- How to complete this task: Among the entries that follow, locate the line with "Forkful of creamy" and the line with "Une pièce meublée". Output those lines and all lines in between, exactly, minus the pictures.

- Data for this exercise:
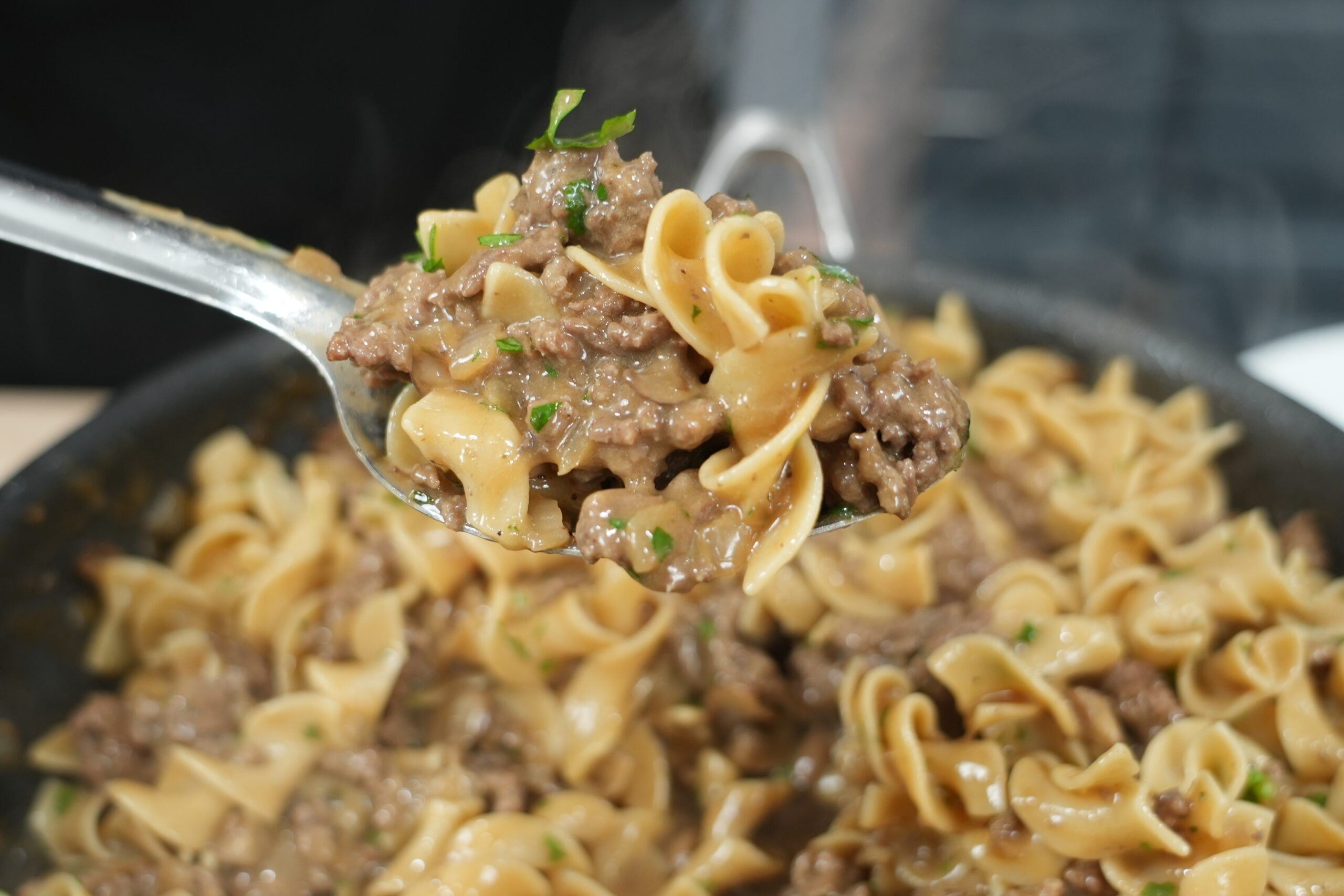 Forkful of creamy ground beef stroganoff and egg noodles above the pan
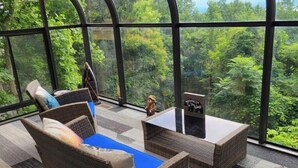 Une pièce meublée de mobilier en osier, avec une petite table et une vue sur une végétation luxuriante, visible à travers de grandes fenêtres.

==

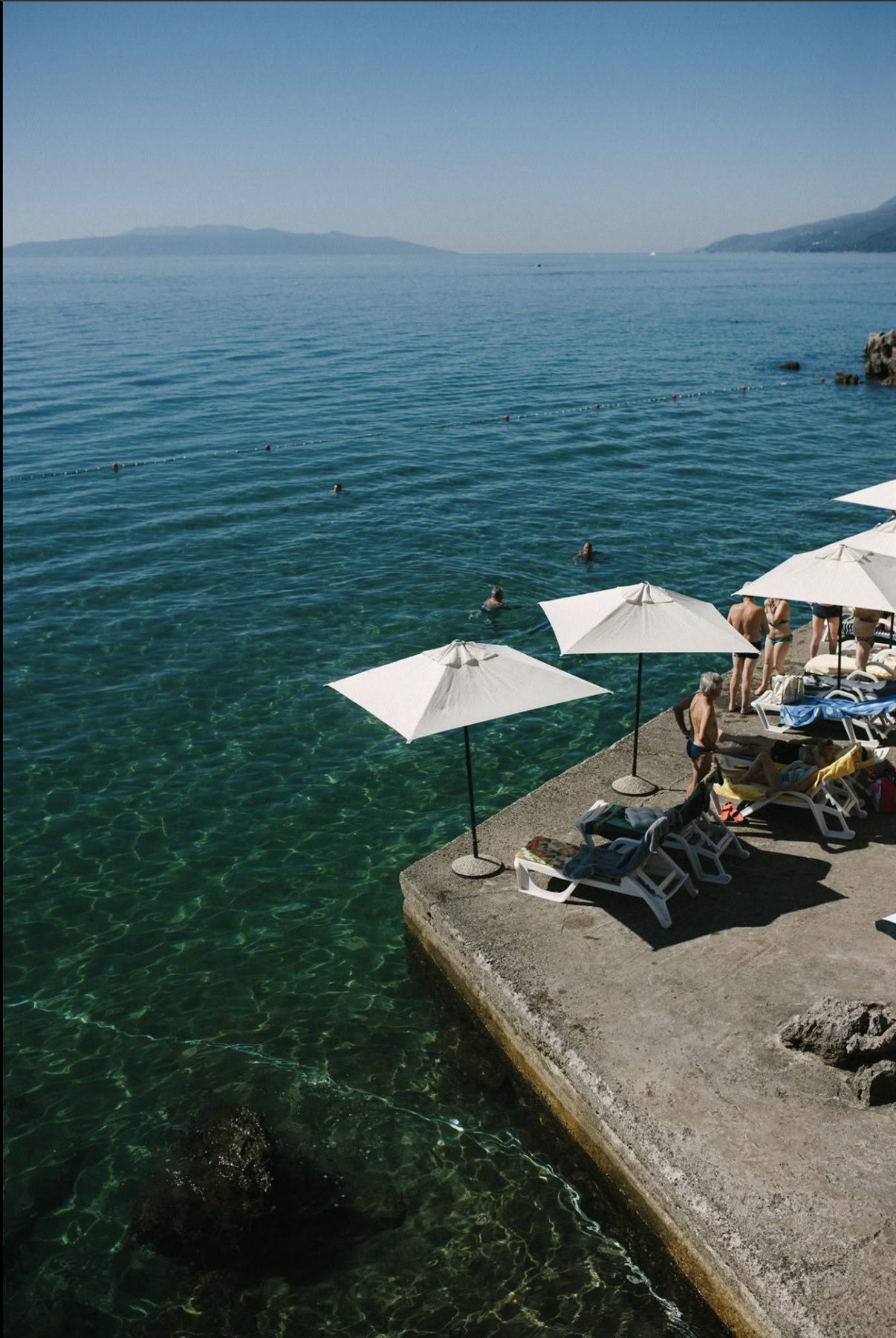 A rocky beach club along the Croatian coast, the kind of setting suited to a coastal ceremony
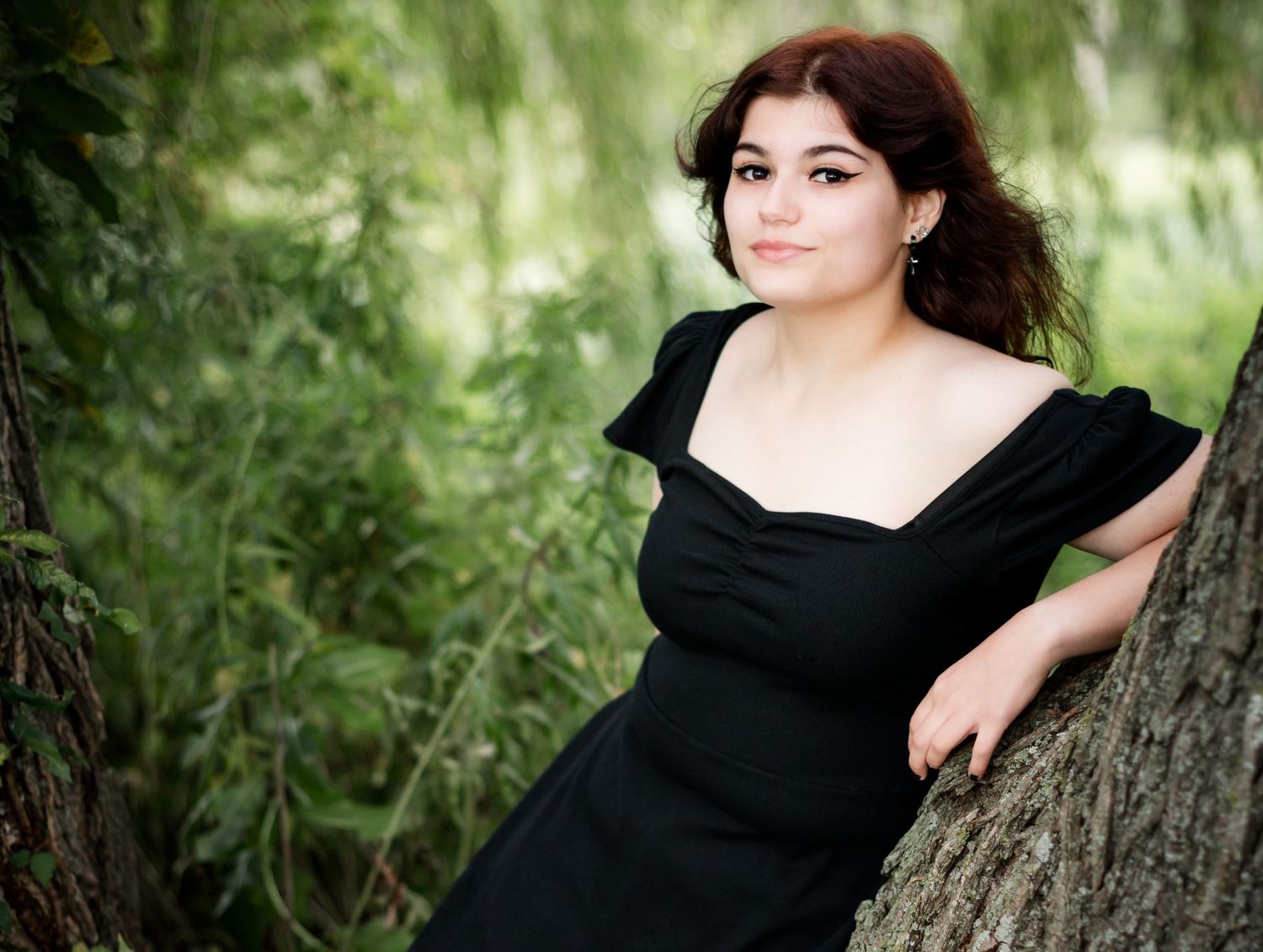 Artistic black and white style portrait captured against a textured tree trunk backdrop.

==

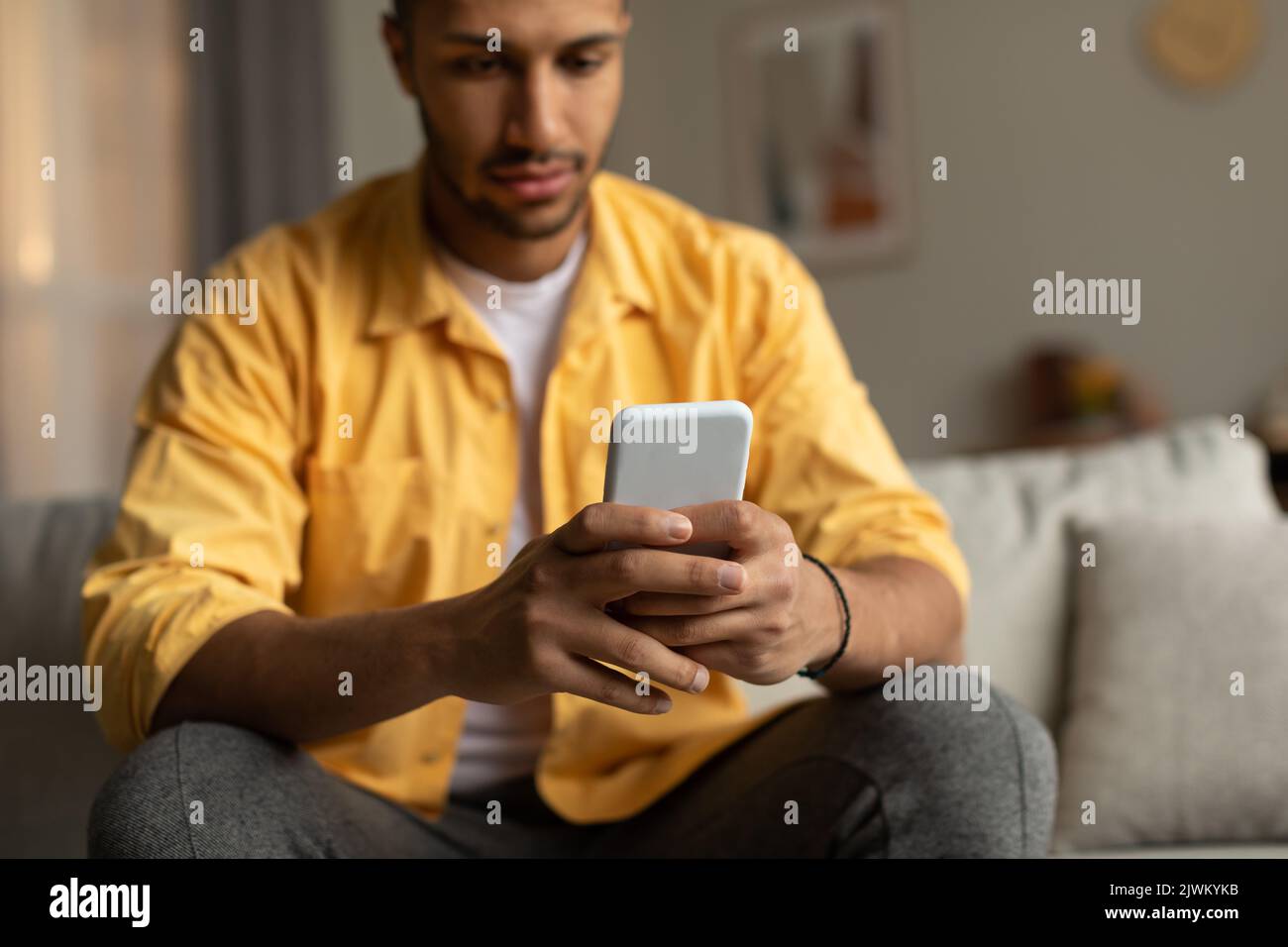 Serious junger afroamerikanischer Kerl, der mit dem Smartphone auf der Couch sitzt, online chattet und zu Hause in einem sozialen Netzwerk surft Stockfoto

- Response area:
 Forkful of creamy ground beef stroganoff and egg noodles above the pan
 Une pièce meublée de mobilier en osier, avec une petite table et une vue sur une végétation luxuriante, visible à travers de grandes fenêtres.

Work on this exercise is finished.